*** The records Section Begins ***
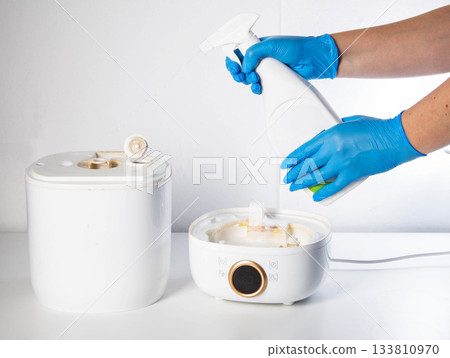 Spraying a chemical rust and scale remover into a humidifier. Home humidifier maintenance, close-up. Copy space for text 133810970
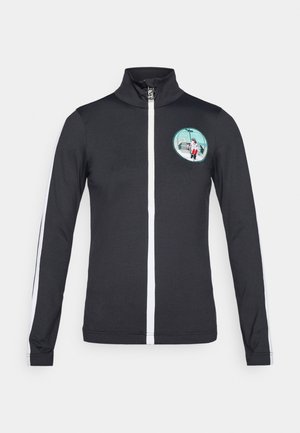 Zwarte sportjack met witte zijstrepen, hoge kraag en een cirkelvormig geborduurd ontwerp met een figuur in een rood-wit outfit.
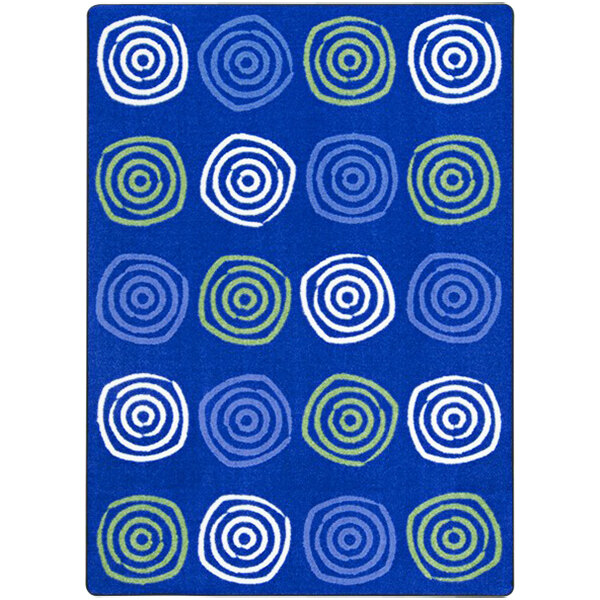 A blue rug with white and green circles and swirls on it.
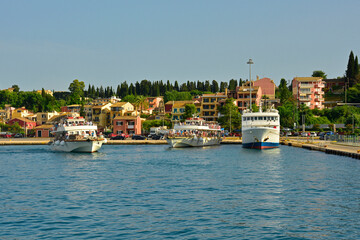 Boats moored at the port of Corfu Old Town, Greece. The port is used both by ferries travelling to Albania, Italy and other parts of Greece, and by touristic day trip boats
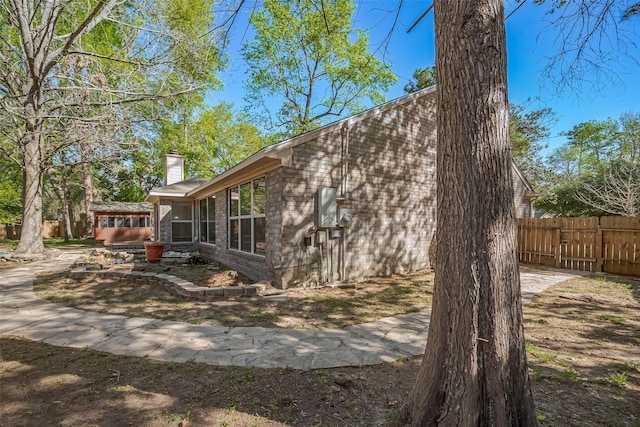 194 Velvet Leaf Pl, The Woodlands, TX 77380 - view of home's exterior featuring fence, a chimney, and brick siding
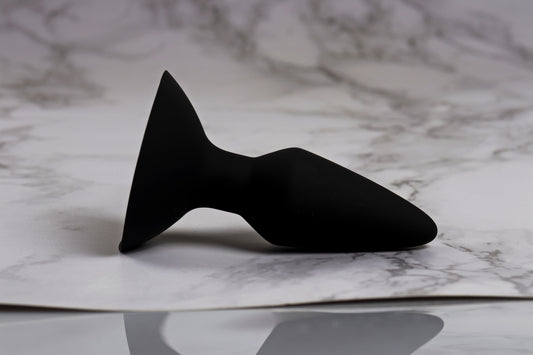 Black silicone butt plug standing on a white marble surface.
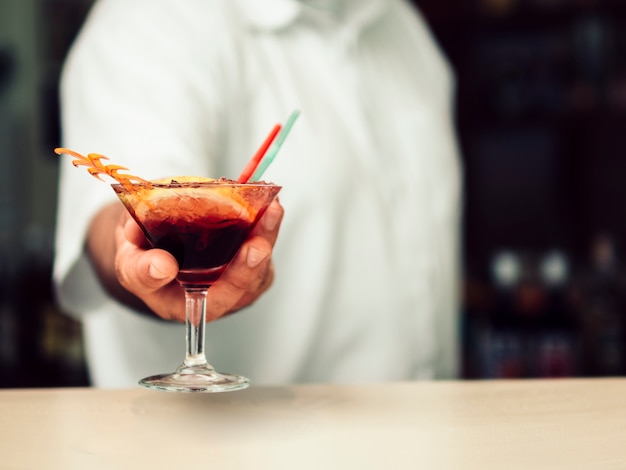 Männlicher Barmixer, der vibrierendes Getränk im Martini-Glas dient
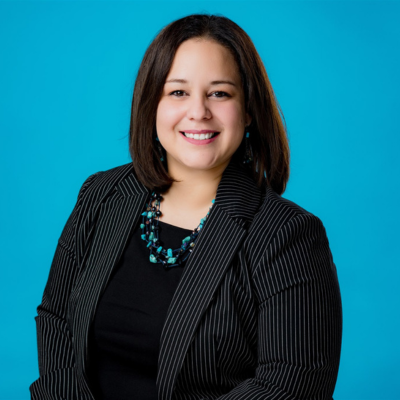 Photo of team member Yesy Garcia smiling for photo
*** The records Section Ends ***
What is being asked: Please transcribe each entry exactly, but skip any picture it holds.

Exercise response:
 Spraying a chemical rust and scale remover into a humidifier. Home humidifier maintenance, close-up. Copy space for text 133810970
 Zwarte sportjack met witte zijstrepen, hoge kraag en een cirkelvormig geborduurd ontwerp met een figuur in een rood-wit outfit.
 A blue rug with white and green circles and swirls on it.
 Boats moored at the port of Corfu Old Town, Greece. The port is used both by ferries travelling to Albania, Italy and other parts of Greece, and by touristic day trip boats
 194 Velvet Leaf Pl, The Woodlands, TX 77380 - view of home's exterior featuring fence, a chimney, and brick siding
 Black silicone butt plug standing on a white marble surface.
 Männlicher Barmixer, der vibrierendes Getränk im Martini-Glas dient
 Photo of team member Yesy Garcia smiling for photo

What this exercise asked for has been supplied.